Saved data entries:
===
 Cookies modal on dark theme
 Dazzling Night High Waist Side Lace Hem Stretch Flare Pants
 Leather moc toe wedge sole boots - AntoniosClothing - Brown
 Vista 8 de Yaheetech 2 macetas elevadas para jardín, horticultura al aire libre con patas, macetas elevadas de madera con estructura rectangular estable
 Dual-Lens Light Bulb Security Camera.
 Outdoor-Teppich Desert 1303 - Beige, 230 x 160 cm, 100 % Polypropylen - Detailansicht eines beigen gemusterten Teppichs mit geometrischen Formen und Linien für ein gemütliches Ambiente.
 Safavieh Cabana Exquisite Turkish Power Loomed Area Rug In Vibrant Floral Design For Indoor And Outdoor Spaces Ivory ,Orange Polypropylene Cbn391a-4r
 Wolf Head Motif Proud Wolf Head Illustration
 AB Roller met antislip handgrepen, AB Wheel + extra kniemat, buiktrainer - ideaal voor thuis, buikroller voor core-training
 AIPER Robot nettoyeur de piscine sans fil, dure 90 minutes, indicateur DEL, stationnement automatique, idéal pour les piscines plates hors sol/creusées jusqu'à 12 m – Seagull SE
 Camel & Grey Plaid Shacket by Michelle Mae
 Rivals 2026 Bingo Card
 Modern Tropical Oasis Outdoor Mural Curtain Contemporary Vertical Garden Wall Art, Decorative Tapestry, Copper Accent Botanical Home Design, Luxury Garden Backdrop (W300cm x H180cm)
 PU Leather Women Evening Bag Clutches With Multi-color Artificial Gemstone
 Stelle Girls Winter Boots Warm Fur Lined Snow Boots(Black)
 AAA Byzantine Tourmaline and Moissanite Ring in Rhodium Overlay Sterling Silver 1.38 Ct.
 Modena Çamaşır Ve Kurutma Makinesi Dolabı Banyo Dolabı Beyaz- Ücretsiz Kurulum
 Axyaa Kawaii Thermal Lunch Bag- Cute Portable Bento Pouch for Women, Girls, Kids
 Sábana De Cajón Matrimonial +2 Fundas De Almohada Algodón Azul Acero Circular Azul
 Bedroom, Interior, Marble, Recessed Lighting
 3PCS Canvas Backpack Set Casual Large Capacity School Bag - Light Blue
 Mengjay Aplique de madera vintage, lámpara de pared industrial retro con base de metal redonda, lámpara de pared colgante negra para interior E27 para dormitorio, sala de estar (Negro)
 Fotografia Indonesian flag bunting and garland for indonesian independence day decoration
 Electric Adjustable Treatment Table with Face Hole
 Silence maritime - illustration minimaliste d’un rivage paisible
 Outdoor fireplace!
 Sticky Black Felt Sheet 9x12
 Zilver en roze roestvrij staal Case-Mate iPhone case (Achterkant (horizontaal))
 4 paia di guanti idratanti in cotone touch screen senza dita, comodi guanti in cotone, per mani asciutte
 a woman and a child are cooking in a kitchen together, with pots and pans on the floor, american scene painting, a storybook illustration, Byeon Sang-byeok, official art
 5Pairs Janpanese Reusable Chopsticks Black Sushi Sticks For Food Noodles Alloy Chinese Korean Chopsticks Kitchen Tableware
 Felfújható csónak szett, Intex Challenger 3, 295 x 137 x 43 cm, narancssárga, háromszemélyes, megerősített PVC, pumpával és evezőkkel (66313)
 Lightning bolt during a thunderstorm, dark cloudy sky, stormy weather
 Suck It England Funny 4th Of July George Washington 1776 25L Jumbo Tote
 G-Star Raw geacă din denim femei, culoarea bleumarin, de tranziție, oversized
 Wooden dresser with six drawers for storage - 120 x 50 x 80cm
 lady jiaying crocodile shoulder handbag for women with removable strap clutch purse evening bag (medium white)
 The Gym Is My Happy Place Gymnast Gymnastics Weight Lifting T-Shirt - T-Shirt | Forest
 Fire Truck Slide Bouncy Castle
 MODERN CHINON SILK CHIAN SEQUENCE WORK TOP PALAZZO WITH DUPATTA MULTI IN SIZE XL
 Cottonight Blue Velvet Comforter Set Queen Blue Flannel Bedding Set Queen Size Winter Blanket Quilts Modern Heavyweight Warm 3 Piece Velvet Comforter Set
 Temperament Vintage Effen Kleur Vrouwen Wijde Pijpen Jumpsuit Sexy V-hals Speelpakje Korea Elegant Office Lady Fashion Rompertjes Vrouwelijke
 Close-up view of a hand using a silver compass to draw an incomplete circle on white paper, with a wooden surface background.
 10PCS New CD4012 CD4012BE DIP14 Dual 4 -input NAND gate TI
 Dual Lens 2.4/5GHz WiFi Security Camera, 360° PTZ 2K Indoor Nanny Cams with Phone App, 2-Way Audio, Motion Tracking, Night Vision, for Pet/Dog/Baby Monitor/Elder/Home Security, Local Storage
===
→ **What the task requires**
Each record needs to be duplicated exactly as given.

→ **Written response**
 Cookies modal on dark theme
 Dazzling Night High Waist Side Lace Hem Stretch Flare Pants
 Leather moc toe wedge sole boots - AntoniosClothing - Brown
 Vista 8 de Yaheetech 2 macetas elevadas para jardín, horticultura al aire libre con patas, macetas elevadas de madera con estructura rectangular estable
 Dual-Lens Light Bulb Security Camera.
 Outdoor-Teppich Desert 1303 - Beige, 230 x 160 cm, 100 % Polypropylen - Detailansicht eines beigen gemusterten Teppichs mit geometrischen Formen und Linien für ein gemütliches Ambiente.
 Safavieh Cabana Exquisite Turkish Power Loomed Area Rug In Vibrant Floral Design For Indoor And Outdoor Spaces Ivory ,Orange Polypropylene Cbn391a-4r
 Wolf Head Motif Proud Wolf Head Illustration
 AB Roller met antislip handgrepen, AB Wheel + extra kniemat, buiktrainer - ideaal voor thuis, buikroller voor core-training
 AIPER Robot nettoyeur de piscine sans fil, dure 90 minutes, indicateur DEL, stationnement automatique, idéal pour les piscines plates hors sol/creusées jusqu'à 12 m – Seagull SE
 Camel & Grey Plaid Shacket by Michelle Mae
 Rivals 2026 Bingo Card
 Modern Tropical Oasis Outdoor Mural Curtain Contemporary Vertical Garden Wall Art, Decorative Tapestry, Copper Accent Botanical Home Design, Luxury Garden Backdrop (W300cm x H180cm)
 PU Leather Women Evening Bag Clutches With Multi-color Artificial Gemstone
 Stelle Girls Winter Boots Warm Fur Lined Snow Boots(Black)
 AAA Byzantine Tourmaline and Moissanite Ring in Rhodium Overlay Sterling Silver 1.38 Ct.
 Modena Çamaşır Ve Kurutma Makinesi Dolabı Banyo Dolabı Beyaz- Ücretsiz Kurulum
 Axyaa Kawaii Thermal Lunch Bag- Cute Portable Bento Pouch for Women, Girls, Kids
 Sábana De Cajón Matrimonial +2 Fundas De Almohada Algodón Azul Acero Circular Azul
 Bedroom, Interior, Marble, Recessed Lighting
 3PCS Canvas Backpack Set Casual Large Capacity School Bag - Light Blue
 Mengjay Aplique de madera vintage, lámpara de pared industrial retro con base de metal redonda, lámpara de pared colgante negra para interior E27 para dormitorio, sala de estar (Negro)
 Fotografia Indonesian flag bunting and garland for indonesian independence day decoration
 Electric Adjustable Treatment Table with Face Hole
 Silence maritime - illustration minimaliste d’un rivage paisible
 Outdoor fireplace!
 Sticky Black Felt Sheet 9x12
 Zilver en roze roestvrij staal Case-Mate iPhone case (Achterkant (horizontaal))
 4 paia di guanti idratanti in cotone touch screen senza dita, comodi guanti in cotone, per mani asciutte
 a woman and a child are cooking in a kitchen together, with pots and pans on the floor, american scene painting, a storybook illustration, Byeon Sang-byeok, official art
 5Pairs Janpanese Reusable Chopsticks Black Sushi Sticks For Food Noodles Alloy Chinese Korean Chopsticks Kitchen Tableware
 Felfújható csónak szett, Intex Challenger 3, 295 x 137 x 43 cm, narancssárga, háromszemélyes, megerősített PVC, pumpával és evezőkkel (66313)
 Lightning bolt during a thunderstorm, dark cloudy sky, stormy weather
 Suck It England Funny 4th Of July George Washington 1776 25L Jumbo Tote
 G-Star Raw geacă din denim femei, culoarea bleumarin, de tranziție, oversized
 Wooden dresser with six drawers for storage - 120 x 50 x 80cm
 lady jiaying crocodile shoulder handbag for women with removable strap clutch purse evening bag (medium white)
 The Gym Is My Happy Place Gymnast Gymnastics Weight Lifting T-Shirt - T-Shirt | Forest
 Fire Truck Slide Bouncy Castle
 MODERN CHINON SILK CHIAN SEQUENCE WORK TOP PALAZZO WITH DUPATTA MULTI IN SIZE XL
 Cottonight Blue Velvet Comforter Set Queen Blue Flannel Bedding Set Queen Size Winter Blanket Quilts Modern Heavyweight Warm 3 Piece Velvet Comforter Set
 Temperament Vintage Effen Kleur Vrouwen Wijde Pijpen Jumpsuit Sexy V-hals Speelpakje Korea Elegant Office Lady Fashion Rompertjes Vrouwelijke
 Close-up view of a hand using a silver compass to draw an incomplete circle on white paper, with a wooden surface background.
 10PCS New CD4012 CD4012BE DIP14 Dual 4 -input NAND gate TI
 Dual Lens 2.4/5GHz WiFi Security Camera, 360° PTZ 2K Indoor Nanny Cams with Phone App, 2-Way Audio, Motion Tracking, Night Vision, for Pet/Dog/Baby Monitor/Elder/Home Security, Local Storage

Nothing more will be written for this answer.